WORK REQUEST: Please restate, exactly as they appear, only the lines from the one that contains "Used Jeep Commander" to the final line of the entries, with no pictures.

DATA TO EXAMINE:

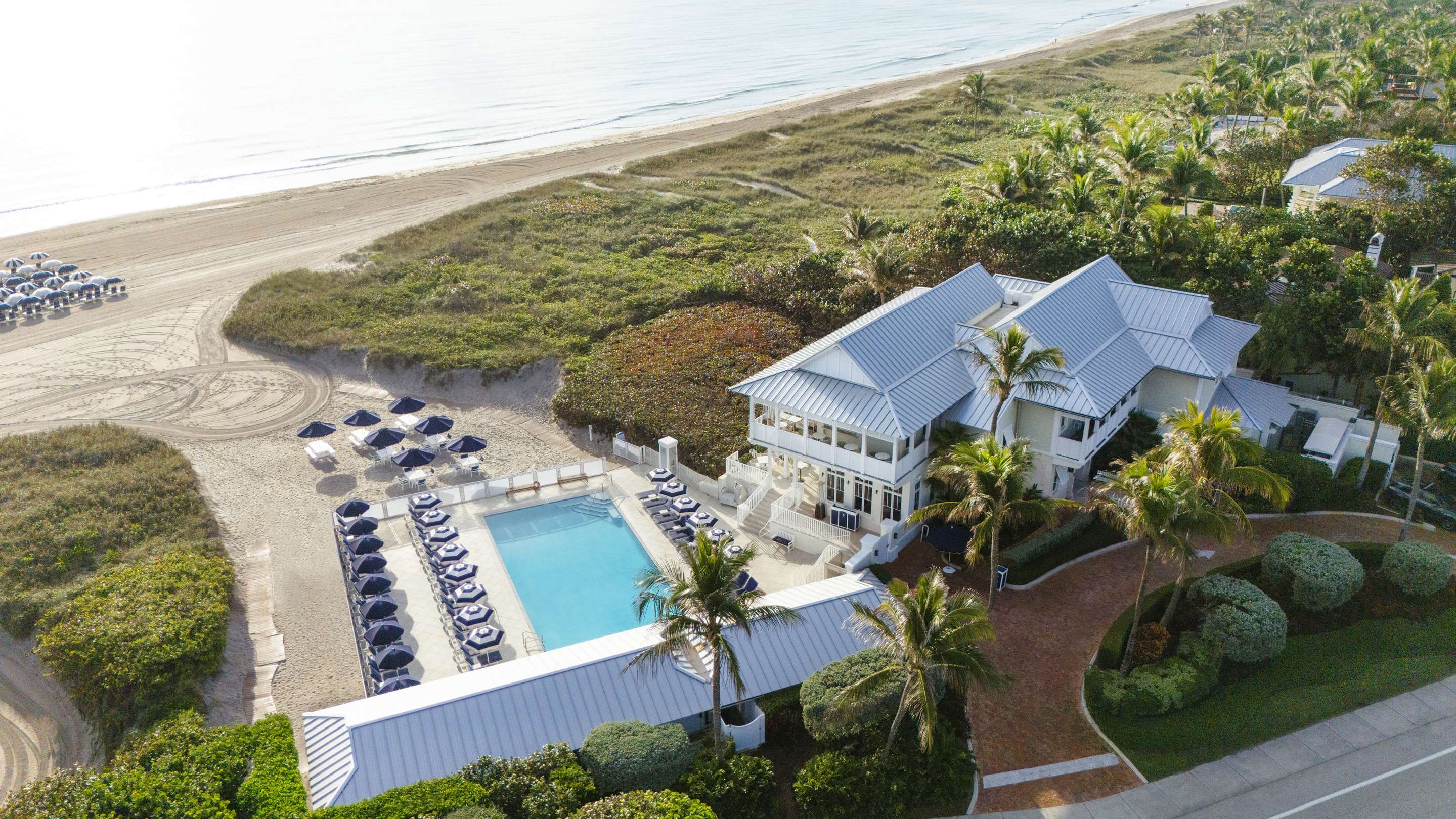 Beach Club Drone Leo Diaz | The Seagate Hotel, Golf & Beach Club, Autograph Collection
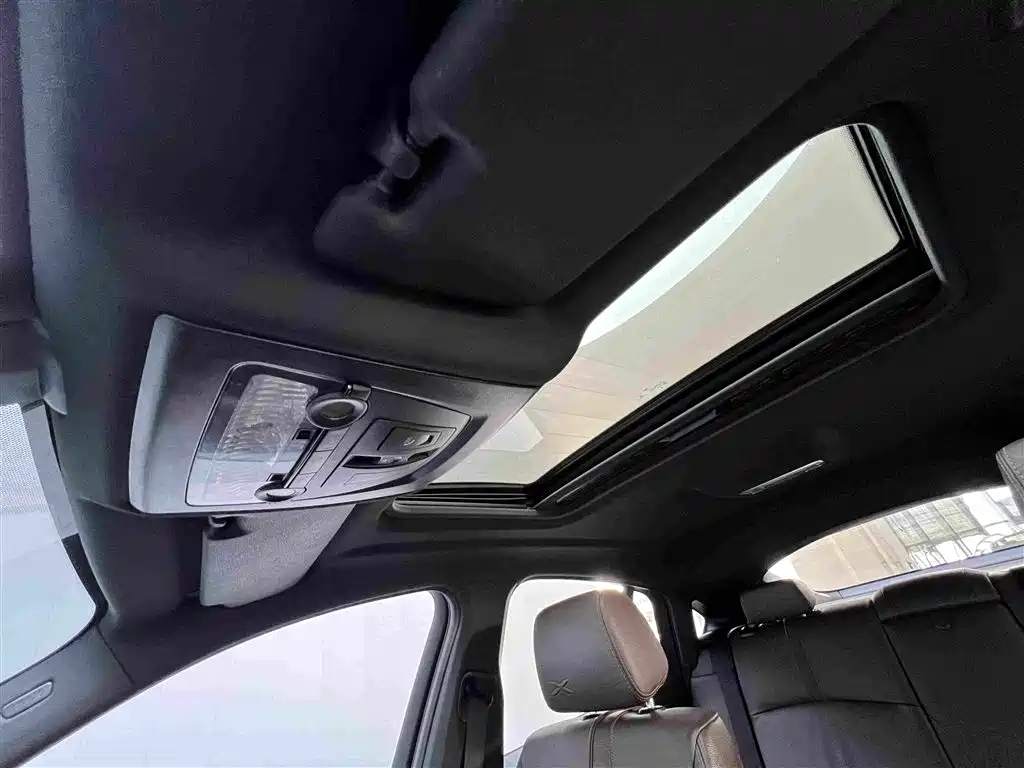 BMW X4 — миниатюра 18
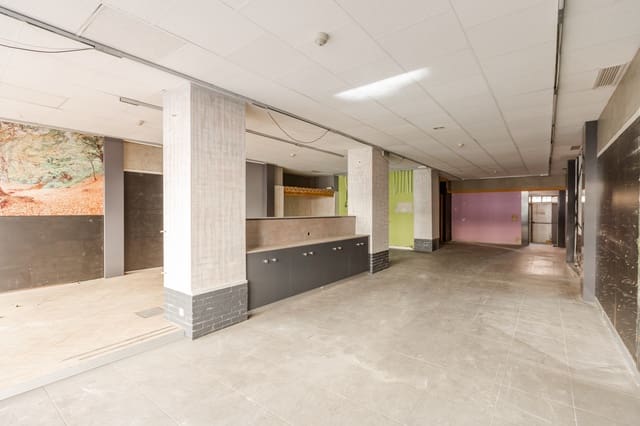 Commerciale in vendita in Pamplona - 175.000 € (Rif: 9655792)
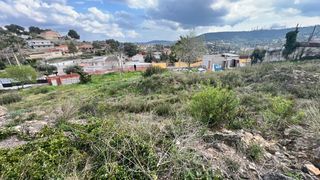 Terreny residencial  Avinguda olesa de bonesvalls. Terreno urbano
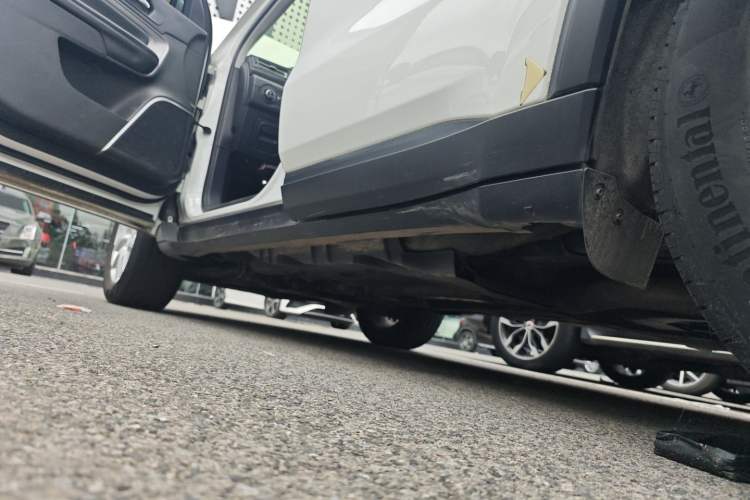 Used Jeep Commander 2018 2.0T Two-Wheel Drive Enjoy Edition China V Left Side Sill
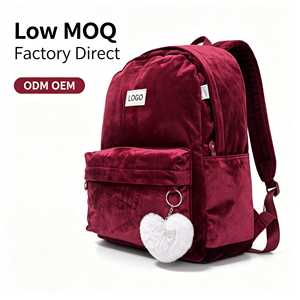 Zaino Trendy in Velluto Bordeaux per Ragazze con Chiusura a Cerniera, <span class=keywords><strong>Borsa</strong></span> Scolastica Retrò Preppy e Portachiavi con Pom-Pom a Cuore - Product Image 3
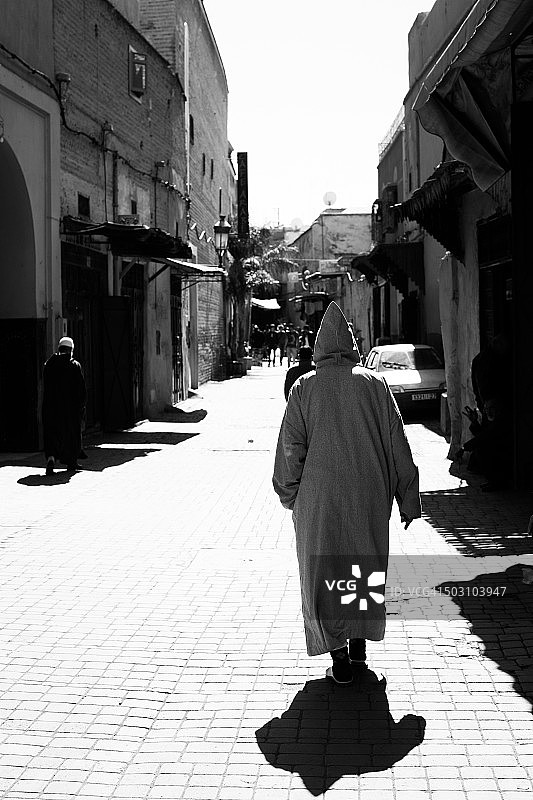 身穿吉拉巴长袍放松图片素材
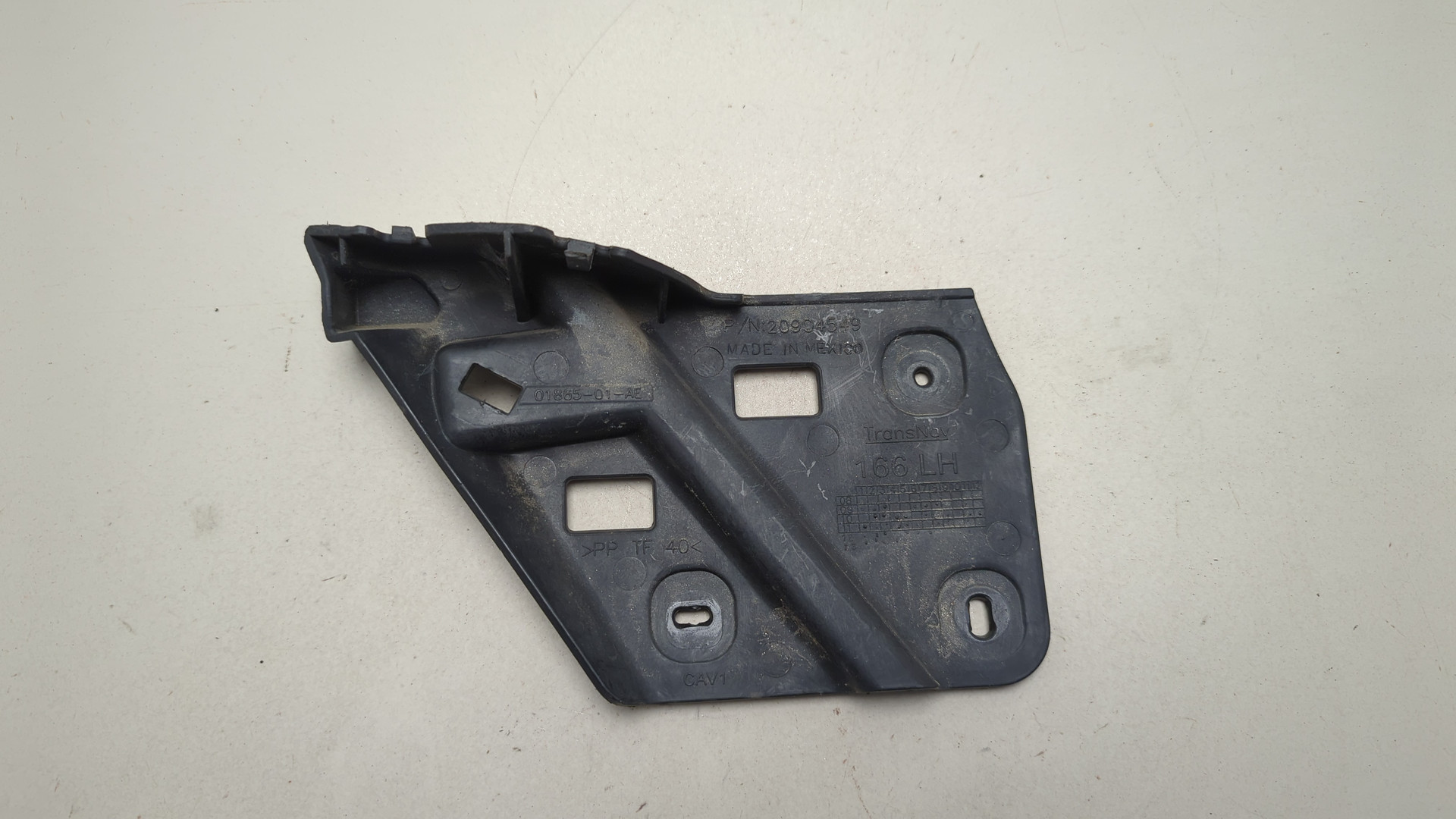 Кронштейн заднего бампера левый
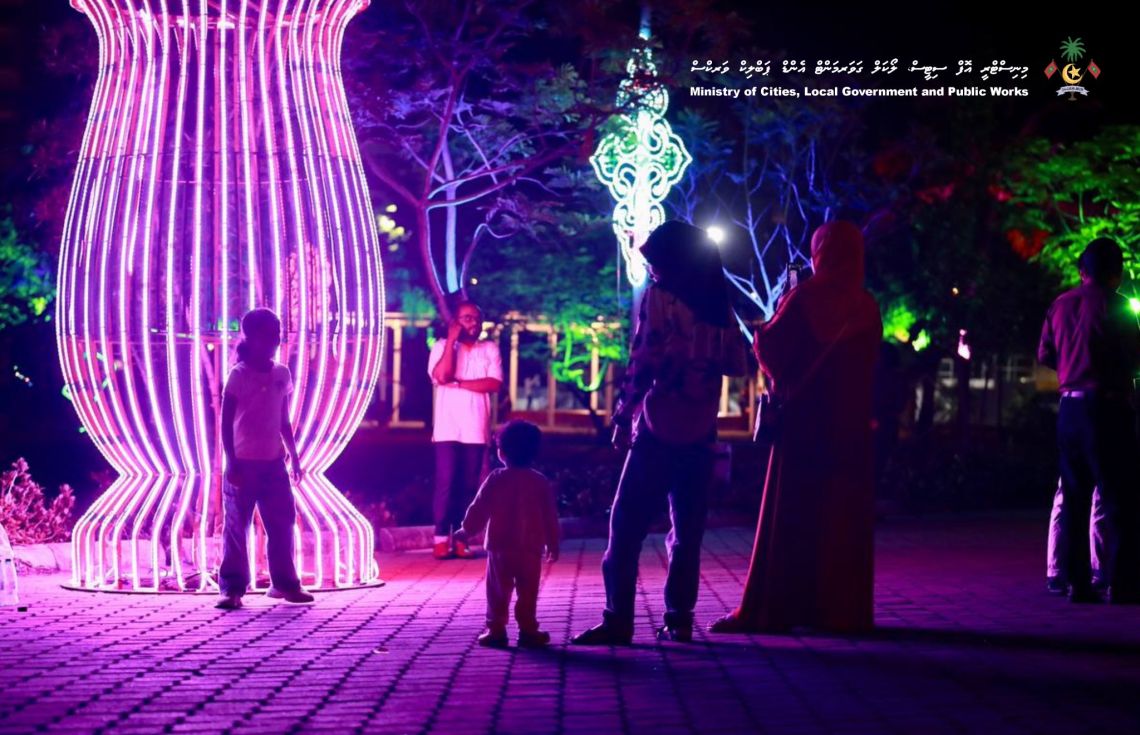 މިފަހަރު އީދު އަލިން ރާއްޖޭގެ 64 ރަށެއް ދިއްލާލި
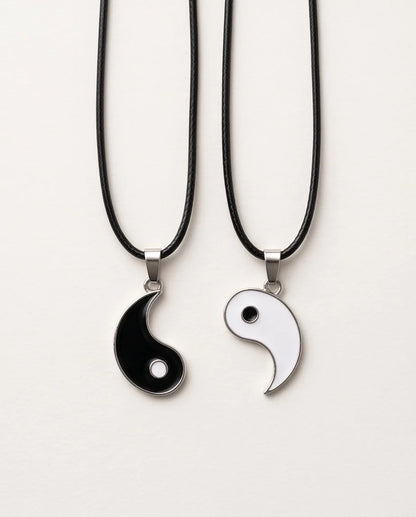 Silver Yin Yang Couple Enamel Pendant Necklace Set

RESULT OF THIS TASK:
 Used Jeep Commander 2018 2.0T Two-Wheel Drive Enjoy Edition China V Left Side Sill
 Zaino Trendy in Velluto Bordeaux per Ragazze con Chiusura a Cerniera, <span class=keywords><strong>Borsa</strong></span> Scolastica Retrò Preppy e Portachiavi con Pom-Pom a Cuore - Product Image 3
 身穿吉拉巴长袍放松图片素材
 Кронштейн заднего бампера левый
 މިފަހަރު އީދު އަލިން ރާއްޖޭގެ 64 ރަށެއް ދިއްލާލި
 Silver Yin Yang Couple Enamel Pendant Necklace Set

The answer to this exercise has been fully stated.